• **Information shown**:
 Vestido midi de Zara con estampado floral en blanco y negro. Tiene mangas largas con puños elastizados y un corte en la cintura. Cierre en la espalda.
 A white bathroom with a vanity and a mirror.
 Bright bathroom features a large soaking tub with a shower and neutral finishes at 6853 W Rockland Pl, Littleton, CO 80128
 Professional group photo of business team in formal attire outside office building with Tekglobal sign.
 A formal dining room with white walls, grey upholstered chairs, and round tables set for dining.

...

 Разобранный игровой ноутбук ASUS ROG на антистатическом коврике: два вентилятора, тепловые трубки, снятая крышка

==

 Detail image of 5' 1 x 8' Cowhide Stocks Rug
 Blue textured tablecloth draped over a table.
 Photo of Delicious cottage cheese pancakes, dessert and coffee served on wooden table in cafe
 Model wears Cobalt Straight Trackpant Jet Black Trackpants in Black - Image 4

• **Aim of the exercise**: Within the material above, copy exactly the lines from the line that holds "Detail image of 5' 1 x 8' Cowhide Stocks Rug" up to and including the line that holds "Model wears Cobalt".

• **Written response**:
 Detail image of 5' 1 x 8' Cowhide Stocks Rug
 Blue textured tablecloth draped over a table.
 Photo of Delicious cottage cheese pancakes, dessert and coffee served on wooden table in cafe
 Model wears Cobalt Straight Trackpant Jet Black Trackpants in Black - Image 4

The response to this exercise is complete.